▶ **Recorded data**:
#####
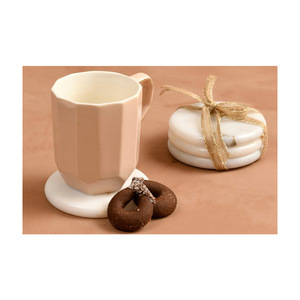 Handmade 10 cm Classic Marble Coasters Set Beautiful White Modling Work Tea Mat <b>Pads</b> for Home Smooth <b>Polished</b> Decorative - Product Image 1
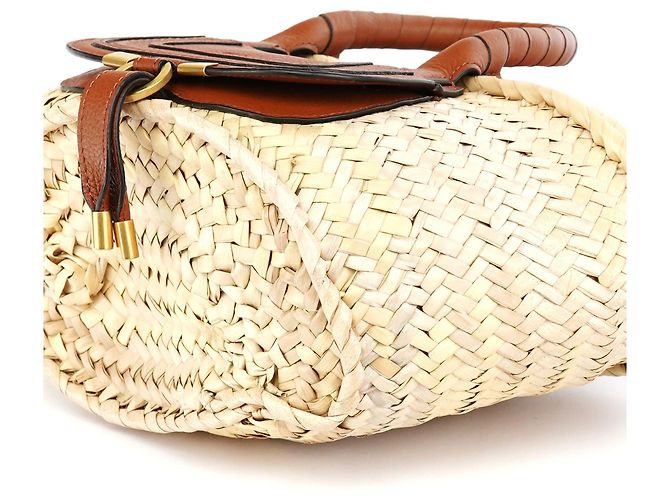 Chloé Borsa Cesto Marcie in Raphia Beige Brown - vista 8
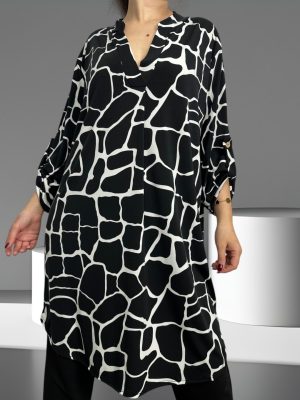 Μπλουζοφόρεμα με V<br/><small class="dmm_sku">Κωδικός προϊόντος: 7034-ασπρομαυρο</small>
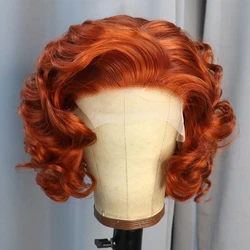 Ginger Lace Front Synthetic Hair Heat Resistant Cosplay Drag Queen Short Wig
#####
▶ **Activity**: Leave out the pictures and give the rest of the material again, unaltered.

▶ **Answer space**:
 Handmade 10 cm Classic Marble Coasters Set Beautiful White Modling Work Tea Mat <b>Pads</b> for Home Smooth <b>Polished</b> Decorative - Product Image 1
 Chloé Borsa Cesto Marcie in Raphia Beige Brown - vista 8
 Μπλουζοφόρεμα με V<br/><small class="dmm_sku">Κωδικός προϊόντος: 7034-ασπρομαυρο</small>
 Ginger Lace Front Synthetic Hair Heat Resistant Cosplay Drag Queen Short Wig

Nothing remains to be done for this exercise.